_ASSIGNMENT_: Read through the records. Copy each line that has the word "chest".

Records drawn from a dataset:
=== Section Start ===
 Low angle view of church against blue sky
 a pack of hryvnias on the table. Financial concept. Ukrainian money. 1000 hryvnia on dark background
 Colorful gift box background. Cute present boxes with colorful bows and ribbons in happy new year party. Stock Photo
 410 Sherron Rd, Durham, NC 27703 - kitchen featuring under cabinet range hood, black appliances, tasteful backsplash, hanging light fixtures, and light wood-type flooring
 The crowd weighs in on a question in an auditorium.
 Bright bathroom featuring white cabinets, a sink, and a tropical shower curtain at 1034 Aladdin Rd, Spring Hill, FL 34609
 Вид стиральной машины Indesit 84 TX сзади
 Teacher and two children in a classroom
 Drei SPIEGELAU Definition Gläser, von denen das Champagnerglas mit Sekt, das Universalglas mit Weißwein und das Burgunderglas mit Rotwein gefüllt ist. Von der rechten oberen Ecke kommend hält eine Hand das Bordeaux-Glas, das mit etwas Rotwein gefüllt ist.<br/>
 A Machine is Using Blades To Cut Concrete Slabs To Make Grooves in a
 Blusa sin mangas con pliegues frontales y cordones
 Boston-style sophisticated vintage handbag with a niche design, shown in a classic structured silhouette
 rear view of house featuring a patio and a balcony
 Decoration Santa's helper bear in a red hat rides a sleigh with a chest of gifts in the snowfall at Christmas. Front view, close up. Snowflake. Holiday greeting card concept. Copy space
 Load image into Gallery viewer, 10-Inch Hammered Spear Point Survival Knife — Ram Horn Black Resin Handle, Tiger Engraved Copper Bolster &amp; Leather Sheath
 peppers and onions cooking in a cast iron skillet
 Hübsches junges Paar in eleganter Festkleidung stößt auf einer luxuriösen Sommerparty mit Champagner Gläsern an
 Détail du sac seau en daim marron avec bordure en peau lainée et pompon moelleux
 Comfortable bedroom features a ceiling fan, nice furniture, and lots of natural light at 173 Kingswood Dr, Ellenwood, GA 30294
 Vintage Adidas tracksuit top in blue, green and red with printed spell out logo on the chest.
=== Section End ===
_THE COMPLETED TASK_:
 Decoration Santa's helper bear in a red hat rides a sleigh with a chest of gifts in the snowfall at Christmas. Front view, close up. Snowflake. Holiday greeting card concept. Copy space
 Vintage Adidas tracksuit top in blue, green and red with printed spell out logo on the chest.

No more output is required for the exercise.